TRY IT: Using the data that follows, return exactly the lines from the one that contains "Zwei Personen sitzen" through the one that contains "Gift on Christmas", ends included.
*** Begin section ***
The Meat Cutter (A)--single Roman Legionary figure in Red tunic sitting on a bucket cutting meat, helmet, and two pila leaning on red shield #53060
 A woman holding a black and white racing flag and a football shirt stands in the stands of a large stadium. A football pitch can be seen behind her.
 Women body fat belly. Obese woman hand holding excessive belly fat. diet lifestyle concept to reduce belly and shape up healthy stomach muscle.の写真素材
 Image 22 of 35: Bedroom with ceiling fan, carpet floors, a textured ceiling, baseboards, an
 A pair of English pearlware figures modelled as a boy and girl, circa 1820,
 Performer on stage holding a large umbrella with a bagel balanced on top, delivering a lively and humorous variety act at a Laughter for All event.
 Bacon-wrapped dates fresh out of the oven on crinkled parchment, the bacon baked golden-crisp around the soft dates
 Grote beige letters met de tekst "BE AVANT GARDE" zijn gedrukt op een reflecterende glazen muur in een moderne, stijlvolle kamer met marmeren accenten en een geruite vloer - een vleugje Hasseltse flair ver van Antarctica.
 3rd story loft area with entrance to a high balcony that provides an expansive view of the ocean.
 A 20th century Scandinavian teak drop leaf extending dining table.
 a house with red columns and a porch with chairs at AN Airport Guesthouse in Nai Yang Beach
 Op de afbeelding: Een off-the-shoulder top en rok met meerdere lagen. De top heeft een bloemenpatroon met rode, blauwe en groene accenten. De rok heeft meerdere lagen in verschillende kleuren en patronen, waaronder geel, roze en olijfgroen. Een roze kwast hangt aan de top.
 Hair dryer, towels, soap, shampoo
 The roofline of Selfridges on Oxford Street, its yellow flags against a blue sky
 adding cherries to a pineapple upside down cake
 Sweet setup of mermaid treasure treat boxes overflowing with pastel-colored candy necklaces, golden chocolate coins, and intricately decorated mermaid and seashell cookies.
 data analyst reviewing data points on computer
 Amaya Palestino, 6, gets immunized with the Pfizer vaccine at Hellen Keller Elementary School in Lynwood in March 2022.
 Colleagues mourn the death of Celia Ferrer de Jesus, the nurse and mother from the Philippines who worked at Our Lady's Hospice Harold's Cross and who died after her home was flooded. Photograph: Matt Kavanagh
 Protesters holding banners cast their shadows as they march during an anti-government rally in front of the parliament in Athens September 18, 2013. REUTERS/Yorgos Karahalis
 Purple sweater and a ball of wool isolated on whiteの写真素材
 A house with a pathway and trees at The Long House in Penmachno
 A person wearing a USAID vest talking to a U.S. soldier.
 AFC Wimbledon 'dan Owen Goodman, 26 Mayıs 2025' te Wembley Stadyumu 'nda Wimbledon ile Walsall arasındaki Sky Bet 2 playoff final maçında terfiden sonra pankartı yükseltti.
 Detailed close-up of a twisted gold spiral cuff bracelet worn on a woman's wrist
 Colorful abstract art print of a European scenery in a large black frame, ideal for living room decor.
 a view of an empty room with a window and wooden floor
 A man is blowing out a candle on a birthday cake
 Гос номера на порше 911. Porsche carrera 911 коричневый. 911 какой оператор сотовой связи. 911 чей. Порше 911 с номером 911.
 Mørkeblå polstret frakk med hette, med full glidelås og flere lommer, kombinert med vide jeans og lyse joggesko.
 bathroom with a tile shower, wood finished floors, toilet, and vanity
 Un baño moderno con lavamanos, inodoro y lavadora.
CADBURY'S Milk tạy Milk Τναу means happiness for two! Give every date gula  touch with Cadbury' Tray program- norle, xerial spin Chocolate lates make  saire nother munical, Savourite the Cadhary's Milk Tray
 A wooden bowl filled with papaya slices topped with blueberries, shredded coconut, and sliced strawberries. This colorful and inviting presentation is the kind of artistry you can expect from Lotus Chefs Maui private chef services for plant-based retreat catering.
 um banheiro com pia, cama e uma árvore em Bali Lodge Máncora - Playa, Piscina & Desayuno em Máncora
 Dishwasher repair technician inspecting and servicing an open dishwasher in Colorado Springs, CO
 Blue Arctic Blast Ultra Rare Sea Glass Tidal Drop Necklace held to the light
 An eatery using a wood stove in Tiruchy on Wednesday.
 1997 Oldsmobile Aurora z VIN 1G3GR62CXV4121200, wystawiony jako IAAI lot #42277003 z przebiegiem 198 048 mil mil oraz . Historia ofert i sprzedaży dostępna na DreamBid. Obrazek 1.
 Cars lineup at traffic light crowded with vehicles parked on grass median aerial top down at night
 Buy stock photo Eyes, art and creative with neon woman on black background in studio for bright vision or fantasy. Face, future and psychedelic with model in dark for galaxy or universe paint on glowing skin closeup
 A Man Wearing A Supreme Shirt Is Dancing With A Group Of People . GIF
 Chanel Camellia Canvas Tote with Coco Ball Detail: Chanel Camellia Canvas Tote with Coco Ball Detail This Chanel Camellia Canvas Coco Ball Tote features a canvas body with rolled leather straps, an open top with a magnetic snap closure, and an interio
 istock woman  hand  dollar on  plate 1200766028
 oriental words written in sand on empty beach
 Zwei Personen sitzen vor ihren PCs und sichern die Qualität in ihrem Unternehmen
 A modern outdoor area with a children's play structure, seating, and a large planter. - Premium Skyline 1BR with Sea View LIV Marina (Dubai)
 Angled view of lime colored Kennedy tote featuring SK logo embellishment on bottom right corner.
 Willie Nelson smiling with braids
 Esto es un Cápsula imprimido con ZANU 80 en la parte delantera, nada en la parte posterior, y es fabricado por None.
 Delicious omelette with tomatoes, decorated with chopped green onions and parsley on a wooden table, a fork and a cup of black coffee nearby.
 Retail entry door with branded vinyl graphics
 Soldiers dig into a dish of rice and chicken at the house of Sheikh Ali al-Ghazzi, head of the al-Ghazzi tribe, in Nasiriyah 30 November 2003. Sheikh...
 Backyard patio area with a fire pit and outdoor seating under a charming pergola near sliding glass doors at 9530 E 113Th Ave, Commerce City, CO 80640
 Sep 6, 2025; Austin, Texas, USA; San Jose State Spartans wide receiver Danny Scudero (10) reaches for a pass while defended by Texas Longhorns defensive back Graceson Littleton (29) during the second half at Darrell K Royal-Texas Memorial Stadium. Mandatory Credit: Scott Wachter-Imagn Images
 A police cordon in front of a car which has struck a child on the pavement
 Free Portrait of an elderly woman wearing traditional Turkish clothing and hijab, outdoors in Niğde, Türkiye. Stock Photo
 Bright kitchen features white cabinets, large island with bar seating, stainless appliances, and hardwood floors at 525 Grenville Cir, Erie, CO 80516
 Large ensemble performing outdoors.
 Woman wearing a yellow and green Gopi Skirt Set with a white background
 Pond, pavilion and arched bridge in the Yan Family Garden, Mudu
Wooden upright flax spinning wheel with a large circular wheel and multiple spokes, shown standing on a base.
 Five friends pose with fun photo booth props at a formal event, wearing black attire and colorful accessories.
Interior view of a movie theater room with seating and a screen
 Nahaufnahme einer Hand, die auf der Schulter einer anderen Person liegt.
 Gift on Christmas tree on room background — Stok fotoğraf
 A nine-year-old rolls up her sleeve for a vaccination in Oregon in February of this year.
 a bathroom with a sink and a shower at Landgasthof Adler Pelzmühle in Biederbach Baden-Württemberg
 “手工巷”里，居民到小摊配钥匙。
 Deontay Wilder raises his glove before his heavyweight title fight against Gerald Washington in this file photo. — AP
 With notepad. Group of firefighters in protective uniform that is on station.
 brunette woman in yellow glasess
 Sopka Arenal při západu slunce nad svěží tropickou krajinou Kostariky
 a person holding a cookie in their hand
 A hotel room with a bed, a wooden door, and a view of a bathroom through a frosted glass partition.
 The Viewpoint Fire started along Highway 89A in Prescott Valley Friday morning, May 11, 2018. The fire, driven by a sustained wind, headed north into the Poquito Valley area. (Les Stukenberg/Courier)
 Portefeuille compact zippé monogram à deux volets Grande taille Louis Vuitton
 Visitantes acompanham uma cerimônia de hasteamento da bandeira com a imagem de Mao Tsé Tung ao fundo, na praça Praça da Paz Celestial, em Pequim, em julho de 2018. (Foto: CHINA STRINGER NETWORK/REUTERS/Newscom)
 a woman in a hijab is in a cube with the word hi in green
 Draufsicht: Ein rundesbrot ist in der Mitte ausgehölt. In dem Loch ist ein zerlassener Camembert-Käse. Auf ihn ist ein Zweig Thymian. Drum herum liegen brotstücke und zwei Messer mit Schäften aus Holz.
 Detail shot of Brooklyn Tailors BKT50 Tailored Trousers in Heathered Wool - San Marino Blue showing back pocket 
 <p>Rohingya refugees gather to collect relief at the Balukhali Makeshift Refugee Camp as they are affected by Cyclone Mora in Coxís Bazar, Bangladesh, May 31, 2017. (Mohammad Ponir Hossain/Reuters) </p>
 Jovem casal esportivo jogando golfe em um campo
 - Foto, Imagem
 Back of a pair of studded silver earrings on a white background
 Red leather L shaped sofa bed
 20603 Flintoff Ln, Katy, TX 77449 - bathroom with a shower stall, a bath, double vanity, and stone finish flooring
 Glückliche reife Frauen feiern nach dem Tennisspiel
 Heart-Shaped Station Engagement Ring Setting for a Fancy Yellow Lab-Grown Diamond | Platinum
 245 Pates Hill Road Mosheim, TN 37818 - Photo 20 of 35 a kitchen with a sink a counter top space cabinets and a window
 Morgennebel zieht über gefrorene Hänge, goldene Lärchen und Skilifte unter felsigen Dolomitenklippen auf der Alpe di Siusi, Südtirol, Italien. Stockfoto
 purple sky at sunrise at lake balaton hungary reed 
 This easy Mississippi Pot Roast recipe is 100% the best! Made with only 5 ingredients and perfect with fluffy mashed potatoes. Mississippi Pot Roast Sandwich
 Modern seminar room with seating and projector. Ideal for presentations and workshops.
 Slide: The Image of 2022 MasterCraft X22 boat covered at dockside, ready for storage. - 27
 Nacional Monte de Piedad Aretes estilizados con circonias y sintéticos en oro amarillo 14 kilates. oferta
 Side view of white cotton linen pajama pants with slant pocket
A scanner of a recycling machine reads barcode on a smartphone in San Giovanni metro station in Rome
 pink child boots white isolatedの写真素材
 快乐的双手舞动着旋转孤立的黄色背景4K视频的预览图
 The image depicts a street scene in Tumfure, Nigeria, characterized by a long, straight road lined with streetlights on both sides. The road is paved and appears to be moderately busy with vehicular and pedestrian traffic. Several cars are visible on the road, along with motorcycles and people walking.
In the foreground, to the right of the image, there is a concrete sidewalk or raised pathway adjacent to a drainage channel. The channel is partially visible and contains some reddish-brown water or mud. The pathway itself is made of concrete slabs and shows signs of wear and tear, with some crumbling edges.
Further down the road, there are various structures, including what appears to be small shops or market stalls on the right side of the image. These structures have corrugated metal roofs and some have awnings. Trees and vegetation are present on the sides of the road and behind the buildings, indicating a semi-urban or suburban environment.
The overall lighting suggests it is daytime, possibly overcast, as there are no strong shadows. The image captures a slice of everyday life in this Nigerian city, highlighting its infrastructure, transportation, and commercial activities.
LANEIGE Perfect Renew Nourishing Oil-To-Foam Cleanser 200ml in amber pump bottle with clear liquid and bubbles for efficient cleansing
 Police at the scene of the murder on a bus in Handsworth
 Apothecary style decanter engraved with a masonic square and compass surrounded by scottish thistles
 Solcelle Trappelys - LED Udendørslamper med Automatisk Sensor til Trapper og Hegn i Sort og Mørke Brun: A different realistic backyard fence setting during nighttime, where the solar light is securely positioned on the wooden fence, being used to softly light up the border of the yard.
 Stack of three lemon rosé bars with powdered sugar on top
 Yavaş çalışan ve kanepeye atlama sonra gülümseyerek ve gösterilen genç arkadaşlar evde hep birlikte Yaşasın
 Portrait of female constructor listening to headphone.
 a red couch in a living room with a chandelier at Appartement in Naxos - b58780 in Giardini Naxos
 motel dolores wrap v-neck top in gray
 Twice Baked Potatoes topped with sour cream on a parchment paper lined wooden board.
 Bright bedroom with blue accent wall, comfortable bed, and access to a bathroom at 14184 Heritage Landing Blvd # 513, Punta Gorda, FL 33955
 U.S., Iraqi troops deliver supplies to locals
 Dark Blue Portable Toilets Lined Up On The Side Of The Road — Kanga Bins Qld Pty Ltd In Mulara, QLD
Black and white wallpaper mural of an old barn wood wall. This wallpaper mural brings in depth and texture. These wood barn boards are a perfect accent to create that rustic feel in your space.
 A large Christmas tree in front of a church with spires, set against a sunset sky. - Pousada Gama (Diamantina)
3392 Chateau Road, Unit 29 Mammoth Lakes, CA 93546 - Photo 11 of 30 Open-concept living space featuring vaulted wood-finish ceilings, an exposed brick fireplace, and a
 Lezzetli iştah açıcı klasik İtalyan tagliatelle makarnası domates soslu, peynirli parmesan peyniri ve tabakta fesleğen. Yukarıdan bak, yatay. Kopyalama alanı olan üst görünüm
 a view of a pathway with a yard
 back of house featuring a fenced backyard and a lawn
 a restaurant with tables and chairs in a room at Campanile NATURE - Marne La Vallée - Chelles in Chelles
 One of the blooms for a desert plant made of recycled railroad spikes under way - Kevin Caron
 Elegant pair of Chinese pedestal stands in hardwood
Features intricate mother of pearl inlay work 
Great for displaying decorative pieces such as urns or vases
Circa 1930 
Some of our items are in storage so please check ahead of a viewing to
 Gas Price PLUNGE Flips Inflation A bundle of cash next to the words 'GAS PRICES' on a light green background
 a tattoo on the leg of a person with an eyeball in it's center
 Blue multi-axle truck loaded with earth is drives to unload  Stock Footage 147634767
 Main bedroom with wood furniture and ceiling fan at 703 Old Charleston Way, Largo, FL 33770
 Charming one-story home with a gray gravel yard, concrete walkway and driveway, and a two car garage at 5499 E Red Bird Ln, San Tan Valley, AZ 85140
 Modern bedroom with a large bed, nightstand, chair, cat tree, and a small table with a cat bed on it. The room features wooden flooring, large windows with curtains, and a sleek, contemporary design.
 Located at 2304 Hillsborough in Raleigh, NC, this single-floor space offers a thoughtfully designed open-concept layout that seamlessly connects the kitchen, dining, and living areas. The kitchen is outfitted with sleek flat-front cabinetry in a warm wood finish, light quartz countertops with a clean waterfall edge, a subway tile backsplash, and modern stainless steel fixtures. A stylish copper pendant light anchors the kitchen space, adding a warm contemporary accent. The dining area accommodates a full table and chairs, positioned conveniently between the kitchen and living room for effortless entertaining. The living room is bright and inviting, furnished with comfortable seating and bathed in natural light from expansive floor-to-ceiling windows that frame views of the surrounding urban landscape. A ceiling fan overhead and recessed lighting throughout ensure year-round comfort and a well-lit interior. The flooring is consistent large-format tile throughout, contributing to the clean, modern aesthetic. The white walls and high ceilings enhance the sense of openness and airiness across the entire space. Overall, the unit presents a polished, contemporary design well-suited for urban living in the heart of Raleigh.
*** End section ***
RESULT OF THIS TASK:
 Zwei Personen sitzen vor ihren PCs und sichern die Qualität in ihrem Unternehmen
 A modern outdoor area with a children's play structure, seating, and a large planter. - Premium Skyline 1BR with Sea View LIV Marina (Dubai)
 Angled view of lime colored Kennedy tote featuring SK logo embellishment on bottom right corner.
 Willie Nelson smiling with braids
 Esto es un Cápsula imprimido con ZANU 80 en la parte delantera, nada en la parte posterior, y es fabricado por None.
 Delicious omelette with tomatoes, decorated with chopped green onions and parsley on a wooden table, a fork and a cup of black coffee nearby.
 Retail entry door with branded vinyl graphics
 Soldiers dig into a dish of rice and chicken at the house of Sheikh Ali al-Ghazzi, head of the al-Ghazzi tribe, in Nasiriyah 30 November 2003. Sheikh...
 Backyard patio area with a fire pit and outdoor seating under a charming pergola near sliding glass doors at 9530 E 113Th Ave, Commerce City, CO 80640
 Sep 6, 2025; Austin, Texas, USA; San Jose State Spartans wide receiver Danny Scudero (10) reaches for a pass while defended by Texas Longhorns defensive back Graceson Littleton (29) during the second half at Darrell K Royal-Texas Memorial Stadium. Mandatory Credit: Scott Wachter-Imagn Images
 A police cordon in front of a car which has struck a child on the pavement
 Free Portrait of an elderly woman wearing traditional Turkish clothing and hijab, outdoors in Niğde, Türkiye. Stock Photo
 Bright kitchen features white cabinets, large island with bar seating, stainless appliances, and hardwood floors at 525 Grenville Cir, Erie, CO 80516
 Large ensemble performing outdoors.
 Woman wearing a yellow and green Gopi Skirt Set with a white background
 Pond, pavilion and arched bridge in the Yan Family Garden, Mudu
Wooden upright flax spinning wheel with a large circular wheel and multiple spokes, shown standing on a base.
 Five friends pose with fun photo booth props at a formal event, wearing black attire and colorful accessories.
Interior view of a movie theater room with seating and a screen
 Nahaufnahme einer Hand, die auf der Schulter einer anderen Person liegt.
 Gift on Christmas tree on room background — Stok fotoğraf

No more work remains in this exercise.